There are some other things that I enjoy that have less to do with game design and more to do with ecosystem.
When I was originally playing M:TG, I’d have killed for a deckbuilder application, let alone a whole damned website with comments and upvotes and downvotes. In fact, there’s more than one of these, and they’re great. I can use the popular upvoted builds as a base and tweak, rather than spending my time experimenting with unsuccessful scratch builds, then questioning my results because my sample size might have been to small.
The sounds, art, and animation are really entertaining. The game board reminds of Warcraft III, constantly. I don’t really care about the Warcraft world lore much, but it definitely contributes to my enjoyment.
The fact that I could play this on an iPad if I had a new enough one is also appealing. I don’t have one, but if someone wanted to give me one for free like all my other Apple stuff I’d be glad to try it out!

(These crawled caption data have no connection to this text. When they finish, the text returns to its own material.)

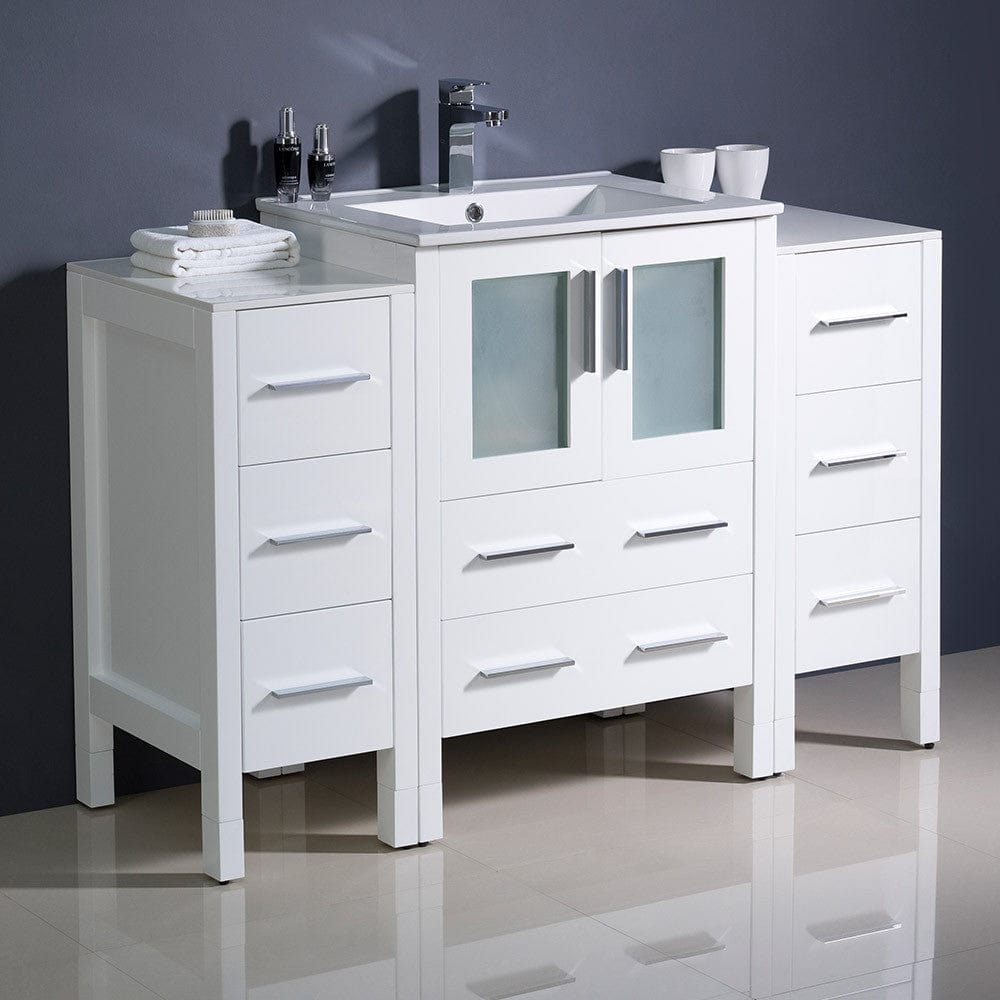 Fresca Torino 48 White Modern Bathroom Cabinets w/ Integrated Sink
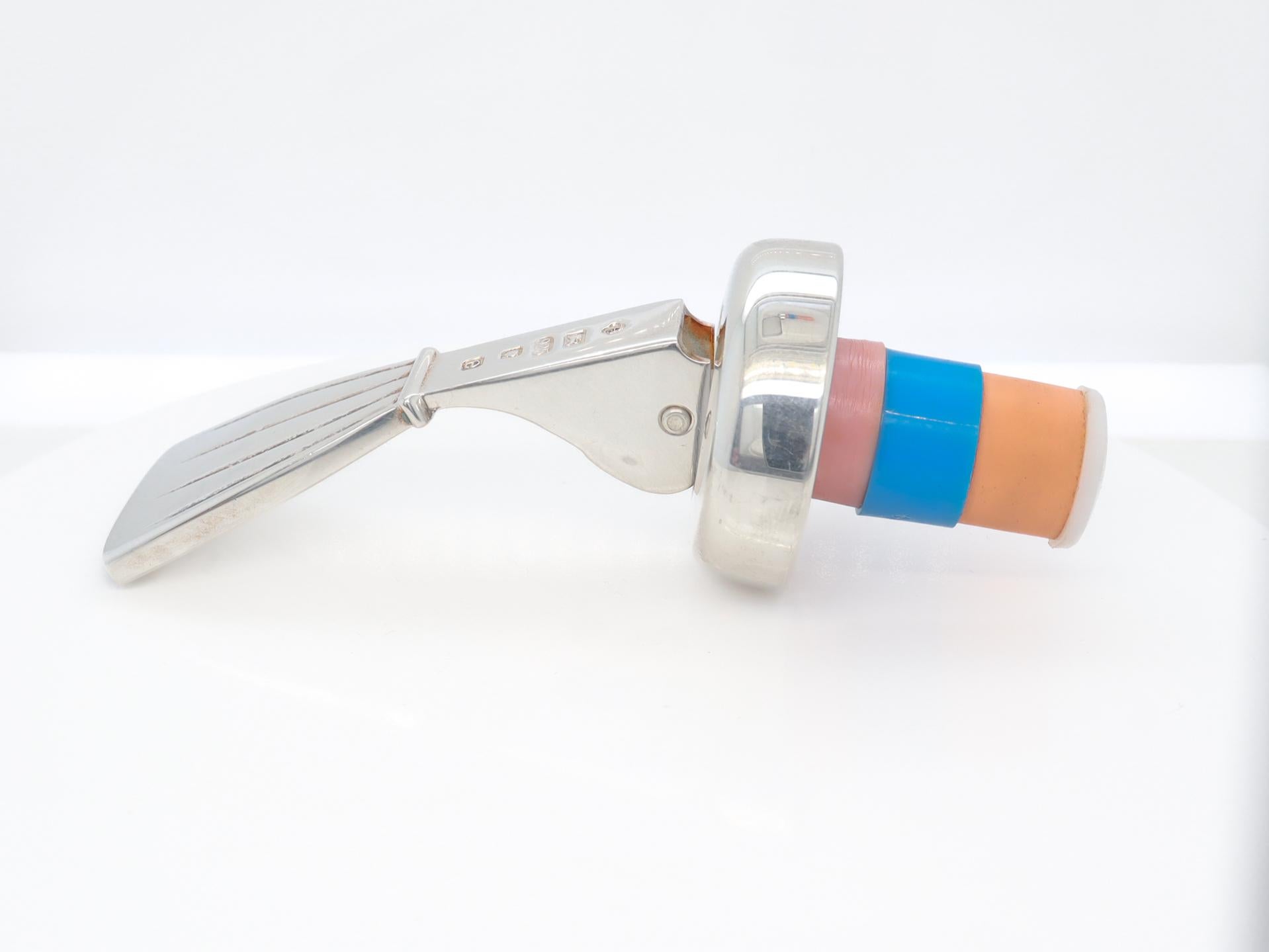 Asprey Sterling Silber Weinstopper oder Korken mit Hebel, 2004 (Moderne) im Angebot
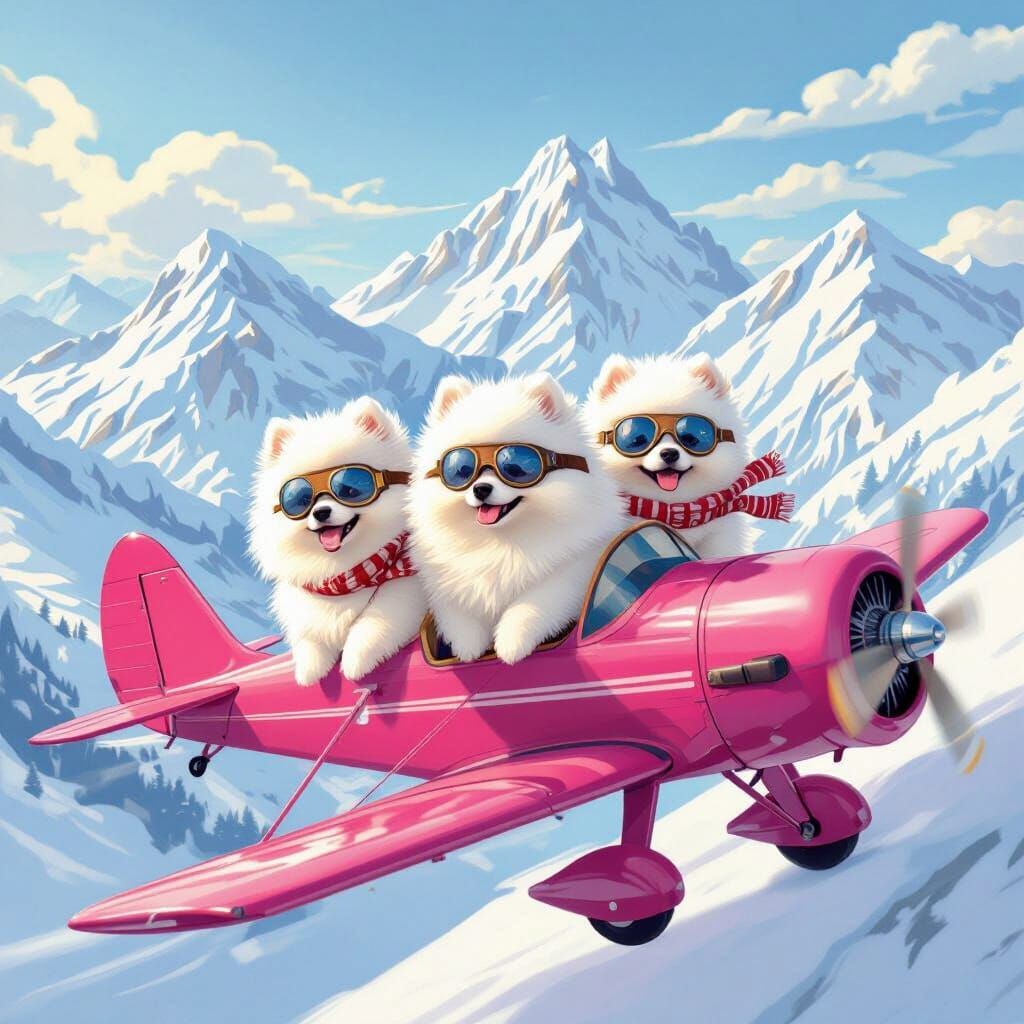 Pomeranian Pilots Fly Pink Biplane Over Snowy Mountains
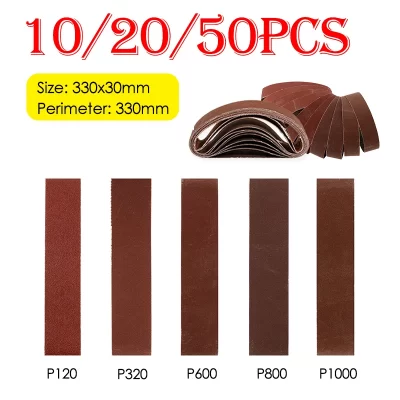10/20/50PCS Abrasive Belts for Mini Electric Belt Machine 330x30mm P120/320/600/800/1000Belts Polishing Machine Sander Accessory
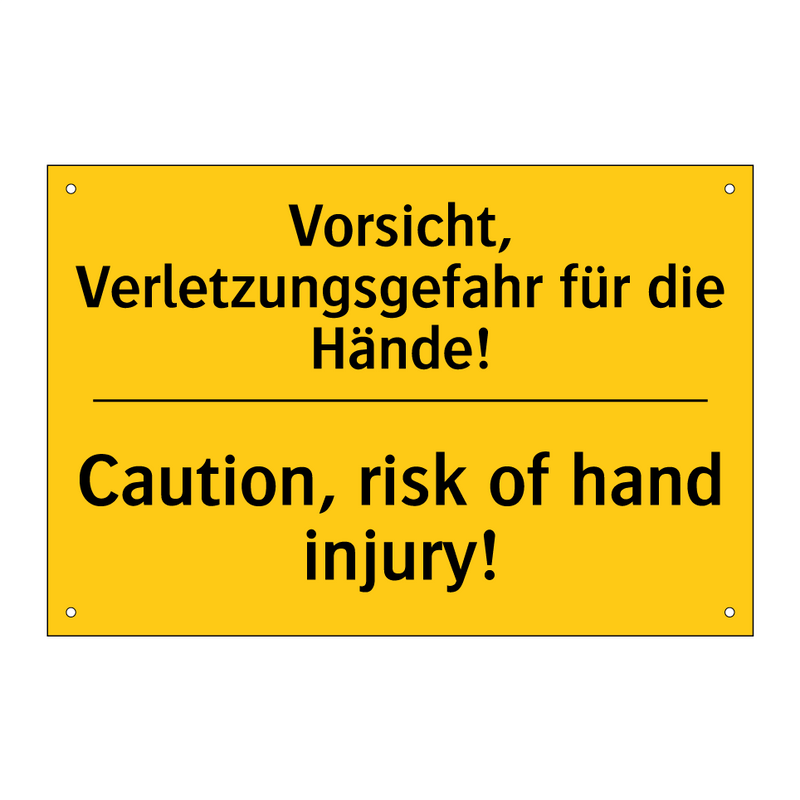 Vorsicht, Verletzungsgefahr für /.../ - Caution, risk of hand injury!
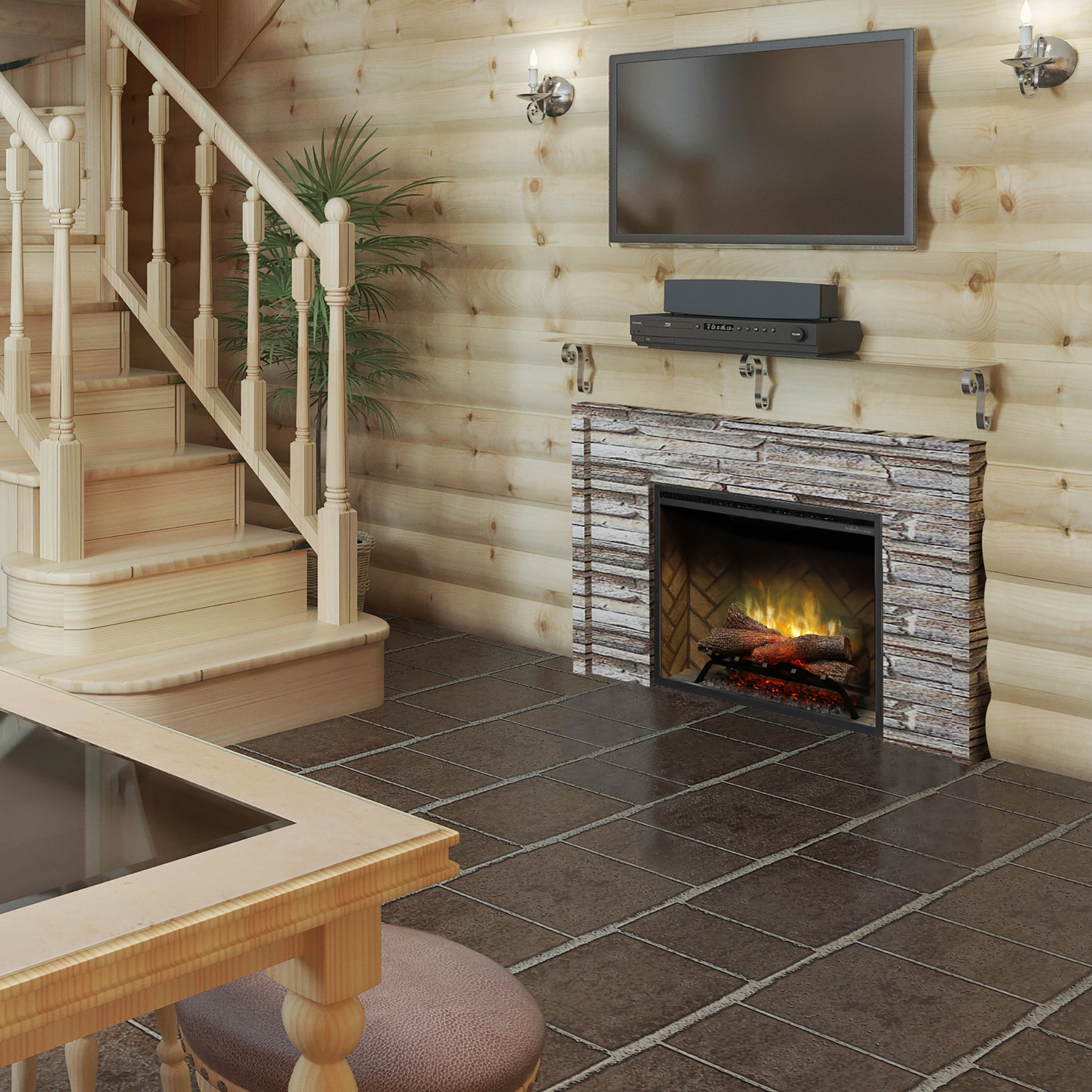 Dimplex Revillusion 36in Built-in Electric Firebox, Herringbone, with Glass Pane and Plug Kit included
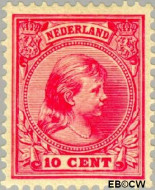 Nederland NL 0037 1891 Koningin Wilhelmina- 'Hangend haar' Gebruikt 10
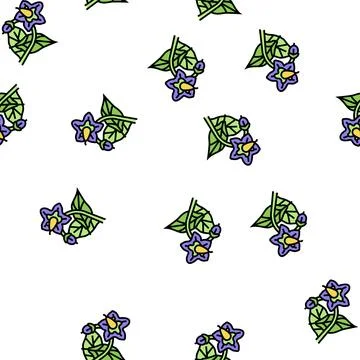 Eggplant flower vector seamless pattern Stock Illustration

Finally, the Arena, the thing they apparently make all their money off of, involves random draft (cards AND characters), random opponents and escalating prizes based on how many wins you get before being eliminated.
And you’re filling bars along the way to get more cards, and gold, and AAARGH they’re going straight to hell for releasing this wonderful, awful game.
In the end, Hearthstone delivers on my needs, with bite-sized (10 minutes per game), tightly focused design that doesn’t get in the way of my enjoying it. Sometimes, I’ll encounter a deck or even a single card that makes me roll my eyes and smile sadly, but I keep clicking the Play button and filling my bars and tweaking my decks.